Receipts Scanner¶
URL: https://receipts.heezy.info
Internal: http://192.168.1.15:30850
k8s: heezy namespace, deployment receipts
Source: heezy-containers/dockerfiles/receipts/
How It Works¶
- Upload photo of receipt via web UI
- EXIF rotation correction applied immediately
- AWS Textract runs OCR in background (~30–45s)
- Extracted: merchant, total, date, line items
- Ollama (llama3.2:3b) categorizes each line item
- Results appear in UI, editable
Database¶
Writes to receipts + receipt_items tables in heezy Postgres.
Key columns on receipts:
- merchant — raw extracted merchant name
- merchant_normalized — lowercased + alias-mapped
- date — raw OCR date string (legacy, mixed formats)

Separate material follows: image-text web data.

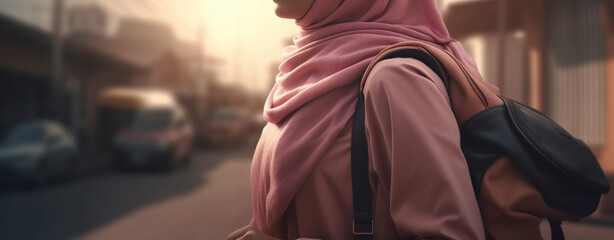  Islamic woman in hijab and bag. Generative Ai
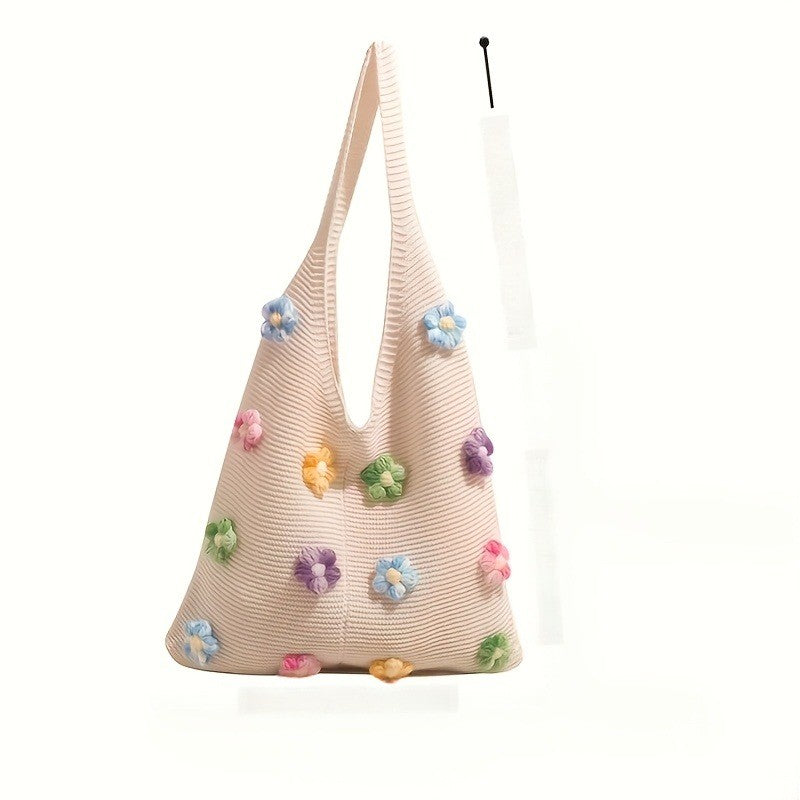 Blue Flower Knit Tote Bag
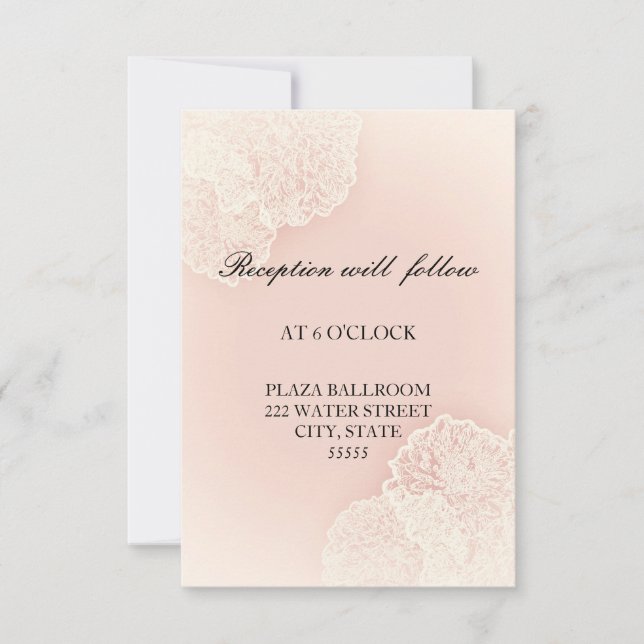 Pink Chrysanthemum Floral Reception Card (Front)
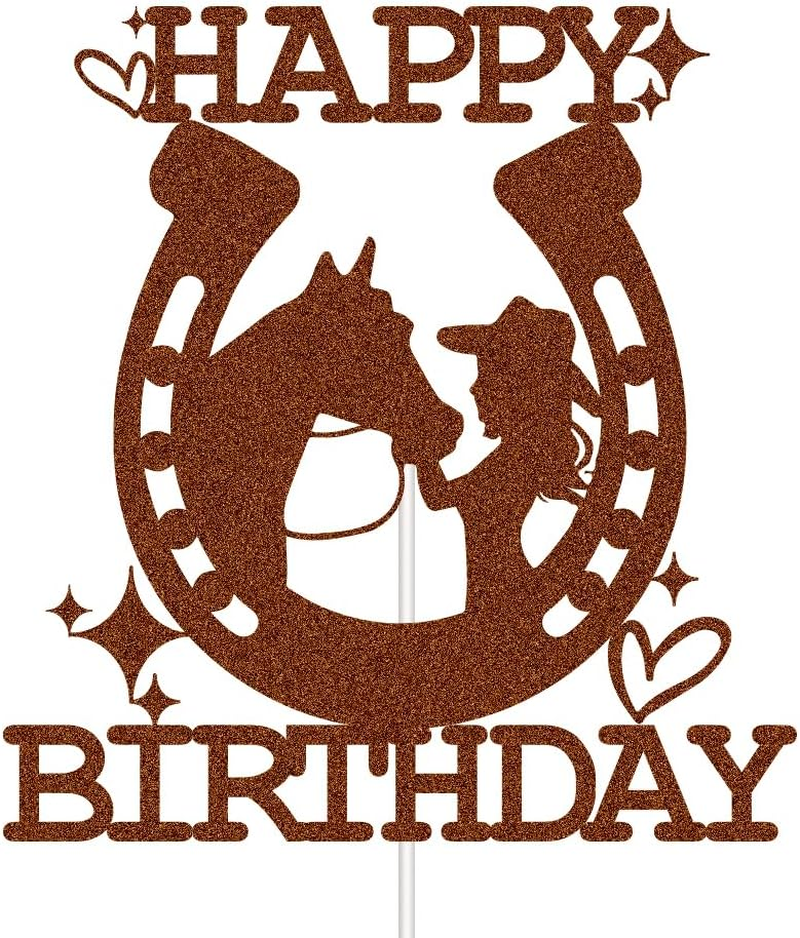 XIUHUBA Cowgirl Happy Birthday Cake Topper, Mexican Western Birthday Cake Decorations, Fiesta Theme Girls Birthday Party Decor Supplies Brown Glitter image number 2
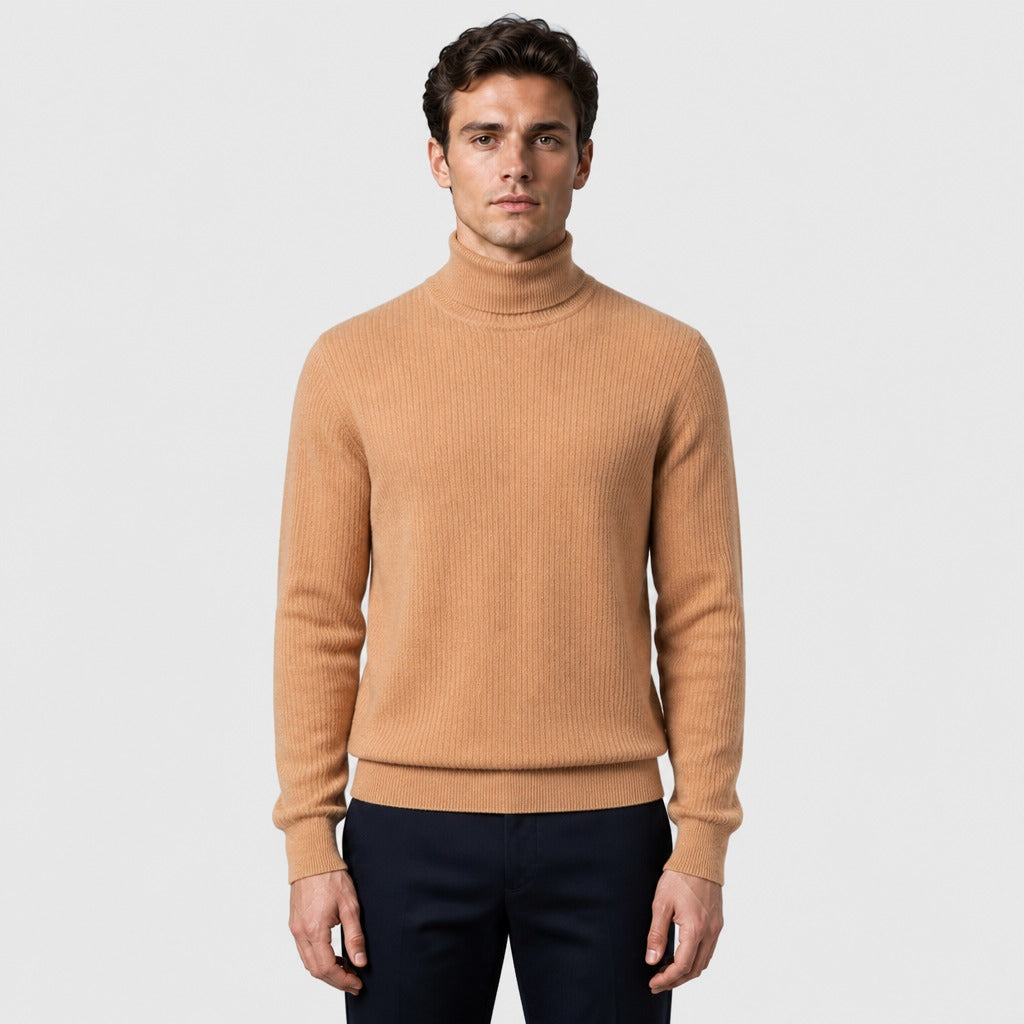 Men’s Slim Fit Roll Neck Knit Jumper Apricot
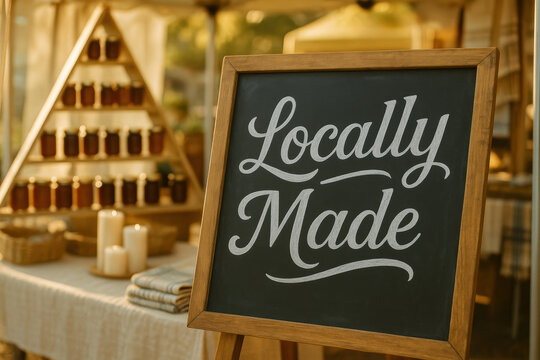 locally made products displayed at a craft market with artisanal jars, natural candles, and warm sunlight ambiance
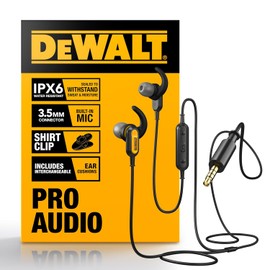 DEWALT Auriculares con Cable y micrófono - Auriculares de Obra con Cable de 3,5 mm - Auriculares con Cable y micrófono Resistentes al Agua - Auriculares con Cable para Trabajos al Aire Libre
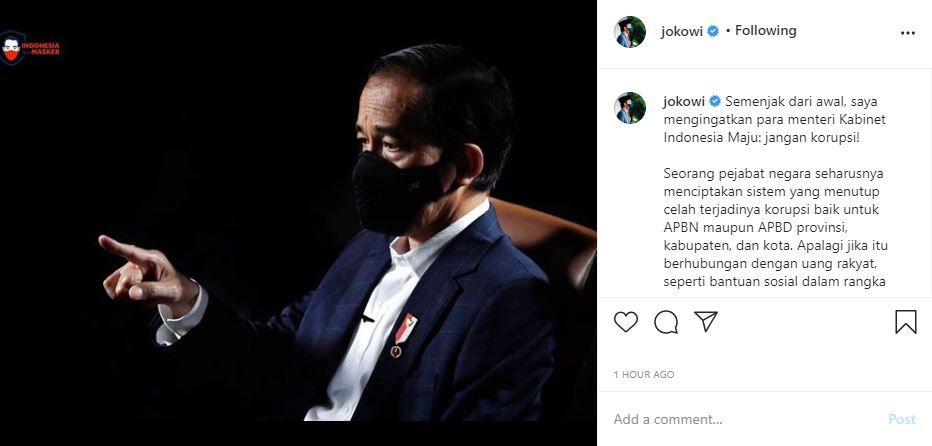 Unggahan Presiden Joko Widodo setelah penangkapan Menteri Sosial Juliari Peter Batubara oleh KPK.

- date_ts — parsed timestamptz (canonical, used by dashboard)
- category — overall receipt category
- payment_type — cash / credit / debit / check / other (set manually via edit form)
OCR Pipeline¶
- Primary: AWS Textract (handles rotation natively, structured output)
- Fallback: Tesseract (if no AWS creds)
- Textract IAM user:
receipts-textractin terraform-heezy - Creds via ExternalSecret → OpenBao
production/heezy/receipts/aws-credentials
Storage¶
- Images: NFS PVC (
192.168.1.200:/mnt/Arr1/SMB/receipts/) - DB: Postgres on big-boi
Reprocessing¶
Forces OCR re-run on a stuck or failed receipt.